--- EXERCISE AIM ---
Copy, exactly as written, the lines that begin at the one containing "Mondiaz JOYA-DLUX 103.2cm" and end at the one containing "Makeupväska för handväska". Skip any pictures in the data below.

--- RECORDS SUPPLIED ---
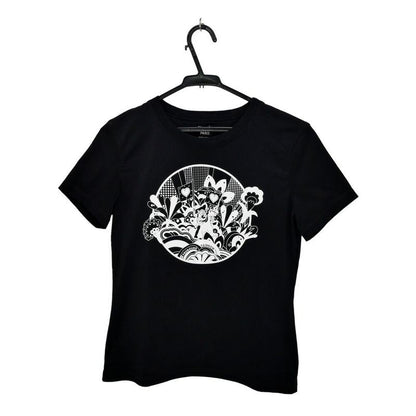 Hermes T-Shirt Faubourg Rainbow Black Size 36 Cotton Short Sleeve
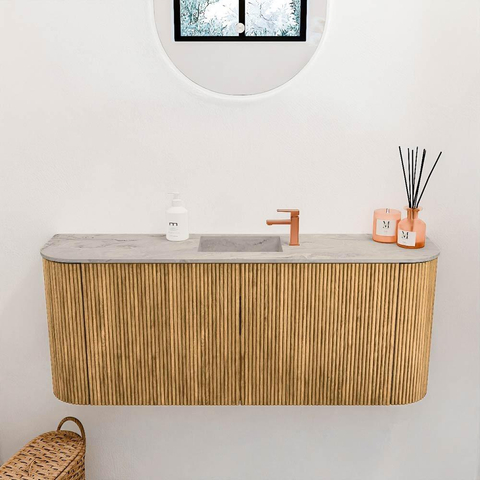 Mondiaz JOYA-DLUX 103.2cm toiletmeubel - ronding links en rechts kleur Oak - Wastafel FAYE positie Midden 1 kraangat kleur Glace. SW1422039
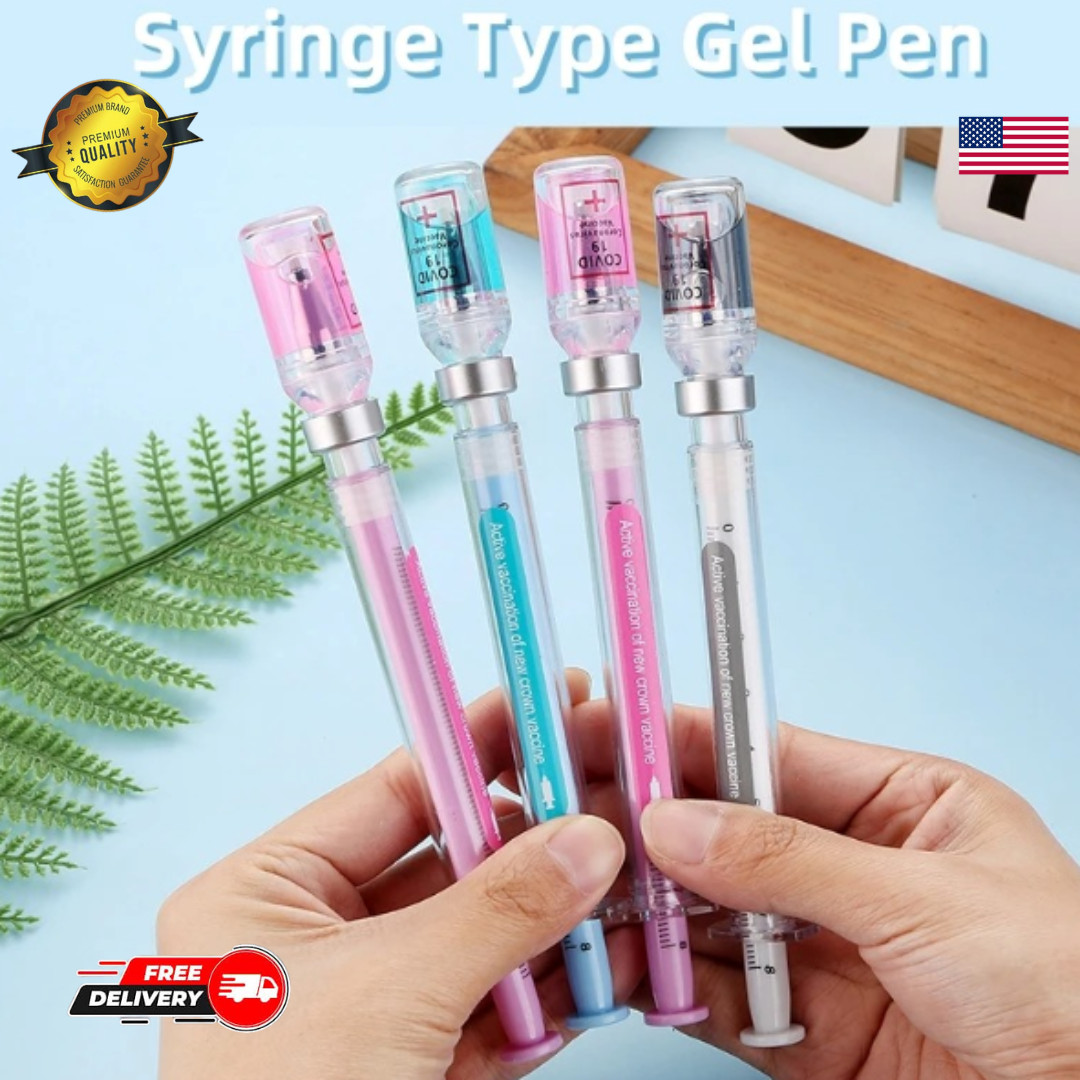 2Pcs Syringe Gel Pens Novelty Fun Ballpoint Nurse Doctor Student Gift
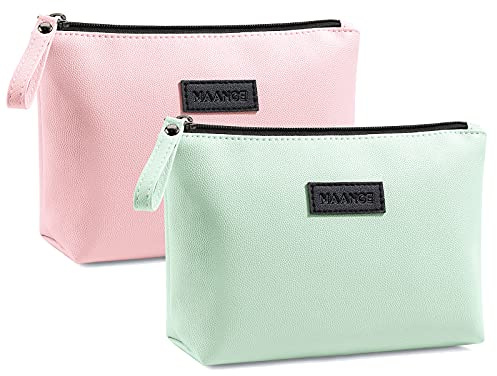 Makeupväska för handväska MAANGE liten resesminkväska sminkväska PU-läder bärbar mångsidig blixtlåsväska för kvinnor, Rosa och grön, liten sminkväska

...

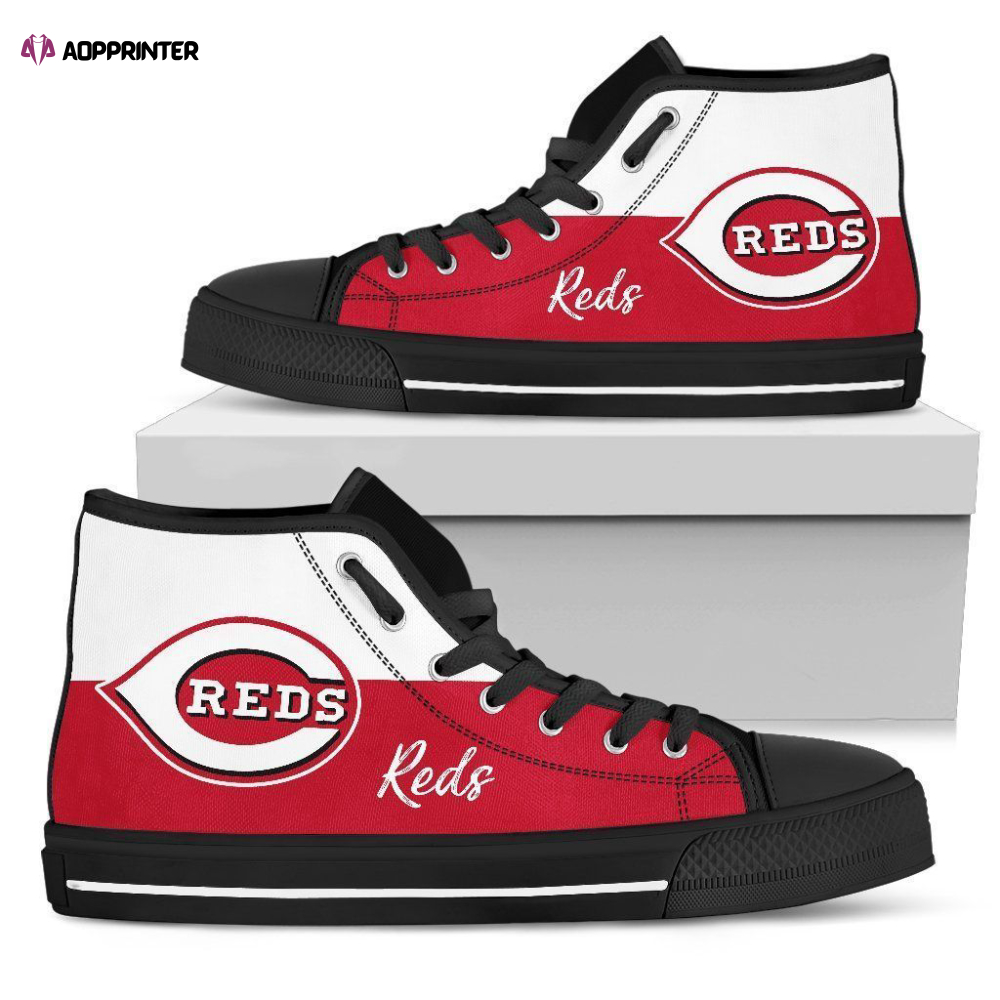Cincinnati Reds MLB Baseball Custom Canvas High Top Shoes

--- OUTPUT FOR THIS EXERCISE ---
 Mondiaz JOYA-DLUX 103.2cm toiletmeubel - ronding links en rechts kleur Oak - Wastafel FAYE positie Midden 1 kraangat kleur Glace. SW1422039
 2Pcs Syringe Gel Pens Novelty Fun Ballpoint Nurse Doctor Student Gift
 Makeupväska för handväska MAANGE liten resesminkväska sminkväska PU-läder bärbar mångsidig blixtlåsväska för kvinnor, Rosa och grön, liten sminkväska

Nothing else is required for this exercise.